In this paper, to evaluate each aspect in more detail, our analysis compared adjacent visits. Significant differences were confirmed between visits one and two at three parts (NET of the forehead, pixel % of the forehead, and pixel % of the right malar), and between visits two and three at one part (right malar). According to this result, treatment response is significant in the early phase. This clinical improvement is consistent with the previous study [
8].
Adverse effects such as pinpoint bleeding and pain were noted. However, they were transient and not severe enough to stop treatment. Other treatment-related adverse effects, such as hyperpigmentation, bruises, purpura, or infections, were not observed.

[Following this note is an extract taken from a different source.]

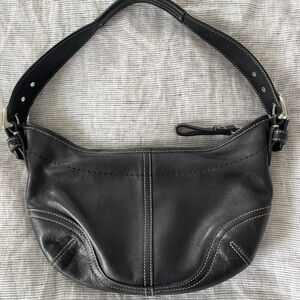 Y2K Coach Black Leather Shoulder Bag
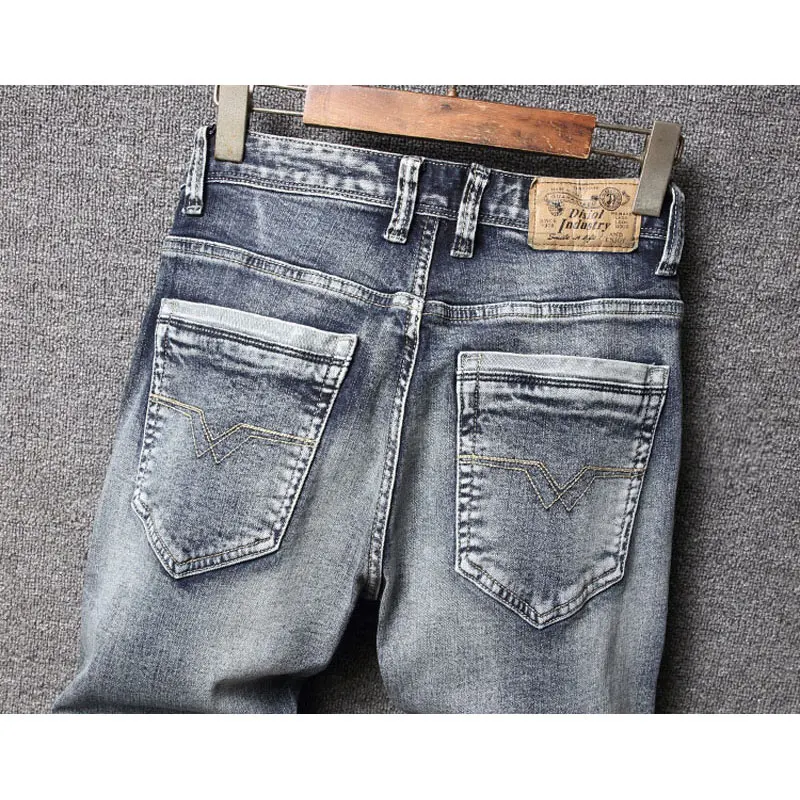 Italian Style Fashion Men Jeans Retro Washed Blue Elastic Slim Fit Ripped Jeans Men High Quality Vintage Designer Denim Pants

Our study has several limitations. First, it was a single-centered retrospective design. There may be selection bias because of the single-centered design and the small number of patients included. Second, since this study does not include a control group, the analysis was conducted only in time-variables without control in a repeated ANOVA (analysis of variance). Additionally, patients taking oral medications such as doxycycline and minocycline were included in this study. A multi-centered study with more patients and more control, including oral medications, might be needed.